Hacked Soros files open up the Open Society Foundations
How the OSF ‘Choreographs Dissonance’
There’s surprisingly little that’s surprising in the mass document dump of George Soros’ Open Society Foundation internal papers, illegally hacked and posted on the DCLeaks website this month. The intrusion was detected in June and reported to the FBI. Hackers had used an intranet system used by board members, staff and foundation members.
OSF’s work is fine by my political lights, speaking as a former employee of non-profit media NGOs that got its support. At worst the organisation, Soros the man and his CEO President Chris Stone, come over like a contrapositive Koch Brothers, giving out millions to organisations that mirror their ambitions for the world — just without the Koch trademark malignancy. Both are hauled over by the commentariat. “Sinister denizens of the stygian underworld of ‘dark money’,” to borrow from the conservative US magazine National Review, talking ironically about the Koch Brothers, and probably thinking seriously about Soros and Stone the same way.
But the OSF has broad shoulders. The outrage from the US right-wing online and Moscow that followed the leak is being weathered in stony, pun intended, silence. Their staffs are used to being abused for supporting civil society and accountable, participatory governance. Arguably the world’s broadest foundation, OSF had branches in 37 countries last year and a budget of $930 million. Even after giving away nearly $12 billion, Soros, 86, has an estimated net worth of $26 billion now, likely to grow even more and then drop into the OSF endowment when he passes on.

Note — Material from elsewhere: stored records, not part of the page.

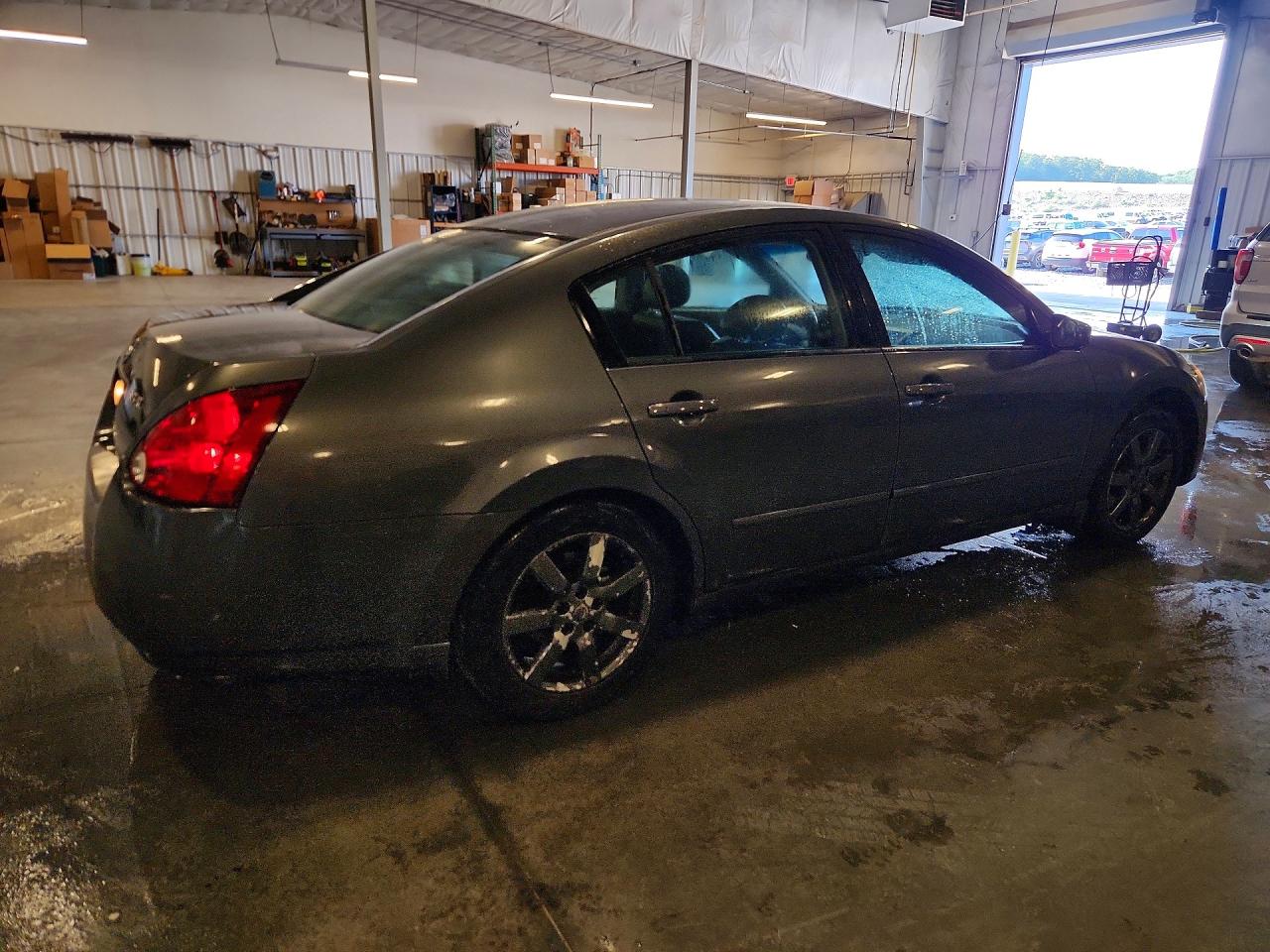 2005 Nissan Maxima 3.5 Se Серый vin: 1N4BA41E95C870235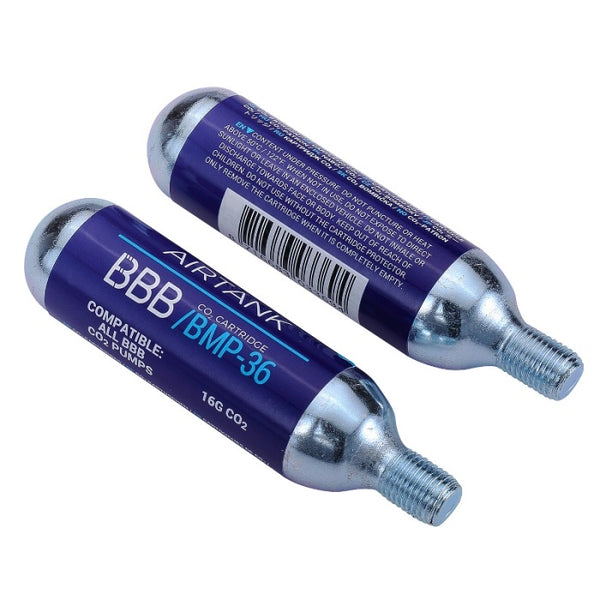 BBB Airtanks CO2 16G Cartridge- 10 pack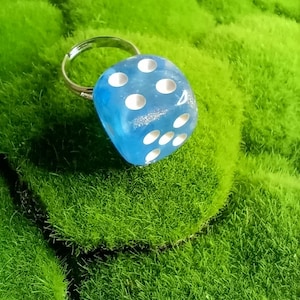 iridescent blue dice ring,dnd,dungeons,dragons,dice game,gambling,casino,gambler,die,dice,game pieces,tabletop gaming,roleplaying games,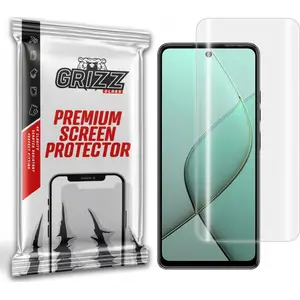 Пленка GrizzGlass Hydrofilm для Tecno Spark 20 Pro 5G — гидрогелевая защитная пленка, модель GRZ10237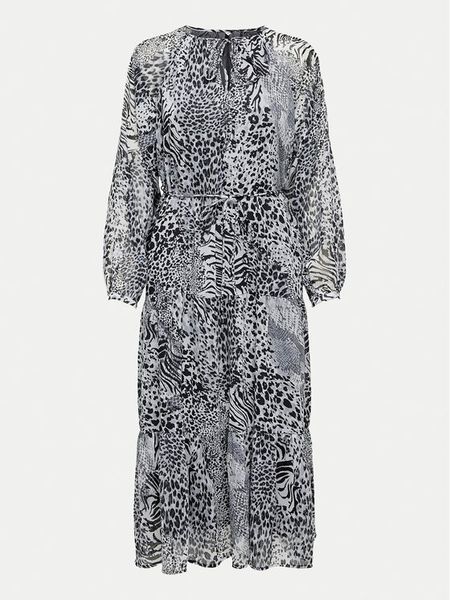 ONLY Sukienka codzienna Ria 15329223 Szary Regular Fit. Szare sukienki damskie ONLY, na co dzień, l, bez wzorów, z syntetyku, bez kołnierzyka, bez ramiączek, proste. Za 99.99 zł.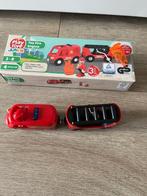 Playtive Lidl brandweerset met doos, Ophalen of Verzenden, Zo goed als nieuw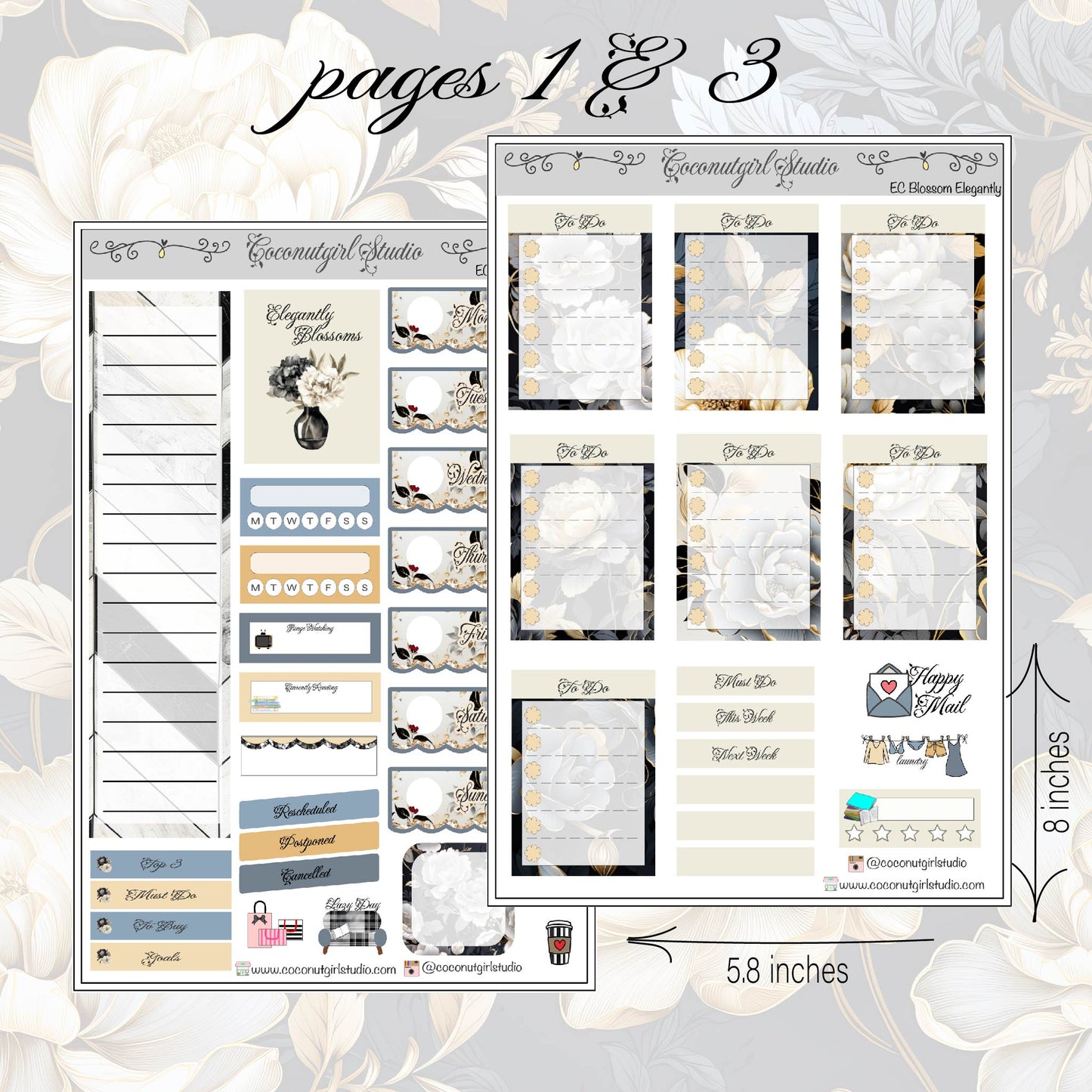 Blossom Elegantly Weekly Kit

The Soros organisation does share the Koch Brothers’ poorly regarded record for openness. A think tank transparency monitor — funded by OSF itself — gave the various Open Society Foundations the worst score among all 43 U.S.-based think tanks it reviewed, for a third straight year in June. And the OSF also shares the Kochs’ dislike for self-promotion, either personal or institutional. Reflecting Stone’s own style, its team prefers to let the organisation’s work speak for itself. “Don’t look on OSF’s website for press releases touting new grants or a blog where staffers muse about their theories of change,” writes David Callahan of Inside Philanthropy. OSF ”tends to spotlight the issues it cares about as opposed to its own doings”.
It’s this internalisation, and the years of wondering what some of the sharpest minds in progressive US thought are really thinking, that makes the revelations so fascinating. OSF wasn’t always so inward looking. Stone came in in 2012 to bring order. Prior to his arrival OSF was famous for its quick flexibility and openness, by my account, and for “its fragmentation and maddening, jerry-rigged qualities,” by Callahan’s. (Though he also describes it as “creative chaos,” which I think is probably about right.)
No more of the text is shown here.